Traditional profiles tend to ask successful women about their "favorite places to shop" or their "guilty pleasures". You won't find those answers on The Thirty-One Percent. We're asking women who have built businesses from the ground up in food, retail, media, and other spaces in Boston about when they meet with clients, how emails get answered, and what a working lunch looks like for them. We're also asking these women about what their plans (if any) were when they were 20 years old — were they struggling under a mountain of student debt? Or looking to abandon ship at a thankless job?
If you're wondering: the name of this project comes from the fact that only thirty-one percent of businesses in the Boston area are owned by women (at least, at the time we launched). Our goal is to help drive up that statistic by showcasing what it takes to actually run a business in our city — we're willing to be stuck titled with an outdated statistic if it means that more women are opening shop here.
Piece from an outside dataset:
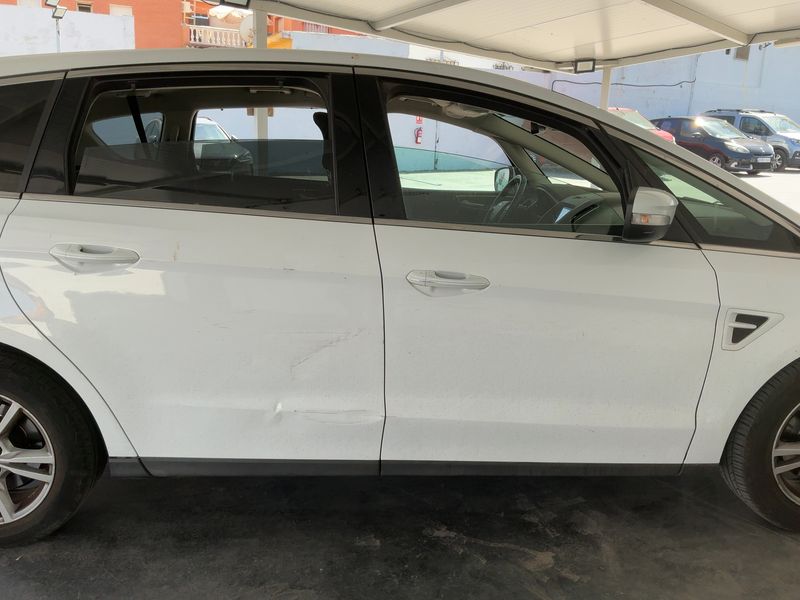Ford S-Max 2.0 TDCi Titanium 2018 – снимка 10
Oset Babur is a writer and digital strategist who consumes borderline unreasonable amounts of tea. She also writes essays and features that have found homes in publications like VICE, GQ, Food & Wine, and Man Repeller. During the 2016 election cycle, she worked as a digital copywriter for a major Democratic PAC. Her favorite women-owned businesses include Girls at Library, Glossier, and Margaret Howell.
Follow Oset on Twitter at @baburoset
Lydia Carmichael Rosenberg is a graphic designer and photographer living and working in Cambridge, MA. She has gone from the world of wine to nonprofits and has landed in publishing. Her passions include food (more eating than cooking), photography, and her two rescue dogs. Her favorite women-run businesses include The Gentlewoman, Rifle Paper Co., and Call Your Girlfriend.